Don't take it personally just means it wasn't personal to you.


horse nose head
Photo © Julie R. Neidlinger

::This post originally ran on my old Medium blog post on July 16, 2015. It has been edited for this blog.::


Joe Fox: It wasn’t… personal.


Kathleen Kelly: What is that supposed to mean? I am so sick of that. All that means is that it wasn’t personal to you. But it was personal to me. It’s personal to a lot of people. And what’s so wrong with being personal, anyway?


Joe Fox: Uh, nothing.


Kathleen Kelly: Whatever else anything is, it ought to begin by being personal.

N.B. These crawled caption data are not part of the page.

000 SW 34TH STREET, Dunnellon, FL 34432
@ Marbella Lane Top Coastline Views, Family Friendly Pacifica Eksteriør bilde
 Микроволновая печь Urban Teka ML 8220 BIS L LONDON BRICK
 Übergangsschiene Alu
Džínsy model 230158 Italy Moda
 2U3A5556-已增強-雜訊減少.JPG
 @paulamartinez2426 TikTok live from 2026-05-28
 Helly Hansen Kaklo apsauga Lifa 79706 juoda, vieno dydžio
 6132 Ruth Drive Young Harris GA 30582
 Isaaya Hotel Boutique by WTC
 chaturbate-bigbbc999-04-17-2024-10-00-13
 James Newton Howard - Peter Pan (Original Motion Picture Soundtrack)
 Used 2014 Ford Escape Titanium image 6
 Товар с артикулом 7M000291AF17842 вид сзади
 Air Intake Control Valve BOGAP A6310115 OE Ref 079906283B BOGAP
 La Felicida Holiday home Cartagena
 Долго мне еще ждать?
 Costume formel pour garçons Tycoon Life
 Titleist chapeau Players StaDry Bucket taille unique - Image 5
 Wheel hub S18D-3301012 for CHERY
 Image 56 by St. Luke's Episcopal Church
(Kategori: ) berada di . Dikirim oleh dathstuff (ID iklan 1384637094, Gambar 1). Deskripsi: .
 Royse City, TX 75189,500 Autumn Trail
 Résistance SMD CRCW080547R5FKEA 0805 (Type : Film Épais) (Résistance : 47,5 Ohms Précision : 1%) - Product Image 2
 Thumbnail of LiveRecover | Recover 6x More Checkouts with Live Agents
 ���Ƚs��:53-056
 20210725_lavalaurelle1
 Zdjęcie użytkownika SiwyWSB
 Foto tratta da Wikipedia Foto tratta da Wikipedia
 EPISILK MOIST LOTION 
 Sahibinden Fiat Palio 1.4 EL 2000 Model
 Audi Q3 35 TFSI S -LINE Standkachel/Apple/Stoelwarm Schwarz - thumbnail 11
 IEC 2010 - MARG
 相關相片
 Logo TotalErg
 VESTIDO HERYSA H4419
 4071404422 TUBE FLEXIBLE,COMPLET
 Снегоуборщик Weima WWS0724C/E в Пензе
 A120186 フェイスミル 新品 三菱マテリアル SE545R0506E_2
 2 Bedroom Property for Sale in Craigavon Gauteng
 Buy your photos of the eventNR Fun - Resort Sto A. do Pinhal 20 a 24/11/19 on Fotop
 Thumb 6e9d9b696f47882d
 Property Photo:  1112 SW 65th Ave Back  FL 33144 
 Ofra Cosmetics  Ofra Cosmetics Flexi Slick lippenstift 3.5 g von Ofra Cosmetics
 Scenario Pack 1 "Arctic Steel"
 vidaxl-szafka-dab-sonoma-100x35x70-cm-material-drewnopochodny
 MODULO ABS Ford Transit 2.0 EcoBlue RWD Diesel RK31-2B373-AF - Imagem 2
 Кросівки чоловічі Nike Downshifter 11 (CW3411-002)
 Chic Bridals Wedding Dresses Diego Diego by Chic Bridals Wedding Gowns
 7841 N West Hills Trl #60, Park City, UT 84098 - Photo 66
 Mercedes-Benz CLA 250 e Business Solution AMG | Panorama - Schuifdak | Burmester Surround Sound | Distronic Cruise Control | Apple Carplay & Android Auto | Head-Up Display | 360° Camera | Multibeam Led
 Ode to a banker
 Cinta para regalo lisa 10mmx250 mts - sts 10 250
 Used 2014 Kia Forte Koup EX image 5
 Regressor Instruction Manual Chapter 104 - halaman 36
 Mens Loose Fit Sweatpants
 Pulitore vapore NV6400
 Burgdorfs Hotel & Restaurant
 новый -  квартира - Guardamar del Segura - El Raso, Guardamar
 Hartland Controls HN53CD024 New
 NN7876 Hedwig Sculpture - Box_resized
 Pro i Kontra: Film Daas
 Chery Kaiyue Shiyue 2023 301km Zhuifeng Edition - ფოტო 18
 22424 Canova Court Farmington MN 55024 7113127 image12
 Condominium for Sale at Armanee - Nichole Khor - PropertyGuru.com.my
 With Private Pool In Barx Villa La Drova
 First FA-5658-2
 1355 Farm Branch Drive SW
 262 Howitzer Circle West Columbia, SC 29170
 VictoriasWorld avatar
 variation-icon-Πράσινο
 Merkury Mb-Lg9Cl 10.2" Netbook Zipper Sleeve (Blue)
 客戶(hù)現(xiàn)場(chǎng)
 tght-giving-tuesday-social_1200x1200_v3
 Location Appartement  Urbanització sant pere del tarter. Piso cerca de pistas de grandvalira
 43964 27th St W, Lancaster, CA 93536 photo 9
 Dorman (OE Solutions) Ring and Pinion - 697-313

(From the film “You’ve Got Mail)


"Don't take it personally."


I take things personally.


I’ve been told not to do it repeatedly, and I surmise that it is one of my biggest faults.


But it is also one of my greatest strengths. I approach people as people, not as tasks, not as servants, not as punching bags. At the front of my mind is not “what goal do I need to achieve here” but “how does this person feel and am I hurting them?”


Stripping the personal out of life and delineating that some moments are personal and some are not is where ethics fail and the religious become hypocrites and humanity is traded away. When things aren’t personal, we have an excuse for bad behavior, short tempers, and sharp tongues, all with an escape clause saved for later by saying “hey, it wasn’t personal.”


It wasn’t personal, it was business.


It wasn’t personal, it was just a game.


It wasn’t personal, it was just downsizing.


It wasn’t personal, it was just what our hearts wanted.


It wasn’t personal, but somebody had to do it.


It wasn’t personal, it was practical.


Everything is personal. The way you behave around other people, no matter the non-personal topic, is what makes it personal. Every interaction involving people is made up of two things: the issue at hand and the way it is handled. We hide behind the issue, and pretend that how we handle it makes no difference because the issue isn’t about them, personally.


The guy who gets fired understands the economics behind it, maybe, but it’s personal. The athlete who trained her entire life knew she had a chance of losing, but that was her entire life we’re talking about, so it’s personal.


The one who took it personally is expected to buck up, be tough, and add to the hardness in this world. Feelings become something we wipe our feet on, passion and debate trump humanity, and connecting and interpreting things through our personhood are seen as wrong; it’s as if we are to operate on a surface level and not delve too deeply.


Operating in a non-personal world requires a level of apathy. It means you categorize people according to how you can treat them.


Tweak the categories enough, we all lose our personhood. Then every day is Hamburger Hill and not much more.